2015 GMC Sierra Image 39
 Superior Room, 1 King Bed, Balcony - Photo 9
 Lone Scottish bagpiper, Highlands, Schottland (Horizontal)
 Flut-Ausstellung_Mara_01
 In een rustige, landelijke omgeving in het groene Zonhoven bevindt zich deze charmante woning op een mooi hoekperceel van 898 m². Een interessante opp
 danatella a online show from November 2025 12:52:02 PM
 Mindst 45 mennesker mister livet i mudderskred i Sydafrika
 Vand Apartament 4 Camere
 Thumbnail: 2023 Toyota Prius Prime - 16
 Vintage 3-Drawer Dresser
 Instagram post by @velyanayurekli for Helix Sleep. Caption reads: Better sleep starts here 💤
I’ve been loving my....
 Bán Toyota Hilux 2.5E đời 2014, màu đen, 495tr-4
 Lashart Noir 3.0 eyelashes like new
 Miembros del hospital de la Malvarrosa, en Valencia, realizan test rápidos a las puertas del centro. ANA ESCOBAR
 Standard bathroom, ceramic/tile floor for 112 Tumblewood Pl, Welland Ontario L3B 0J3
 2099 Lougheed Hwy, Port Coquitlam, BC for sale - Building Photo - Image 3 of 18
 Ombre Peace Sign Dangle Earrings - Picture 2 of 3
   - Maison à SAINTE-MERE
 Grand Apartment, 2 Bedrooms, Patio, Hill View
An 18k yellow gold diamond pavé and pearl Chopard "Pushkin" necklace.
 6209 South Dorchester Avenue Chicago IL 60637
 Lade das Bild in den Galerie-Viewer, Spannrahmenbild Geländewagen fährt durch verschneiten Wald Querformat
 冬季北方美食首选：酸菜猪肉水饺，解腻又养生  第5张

--- --- ---

- WHAT YOU ARE ASKED TO DO:
Although the records may continue, retype only the lines from the first one through the one containing "Vand Apartament 4 Camere", exactly as they appear.

- EXERCISE SOLUTION:
2015 GMC Sierra Image 39
 Superior Room, 1 King Bed, Balcony - Photo 9
 Lone Scottish bagpiper, Highlands, Schottland (Horizontal)
 Flut-Ausstellung_Mara_01
 In een rustige, landelijke omgeving in het groene Zonhoven bevindt zich deze charmante woning op een mooi hoekperceel van 898 m². Een interessante opp
 danatella a online show from November 2025 12:52:02 PM
 Mindst 45 mennesker mister livet i mudderskred i Sydafrika
 Vand Apartament 4 Camere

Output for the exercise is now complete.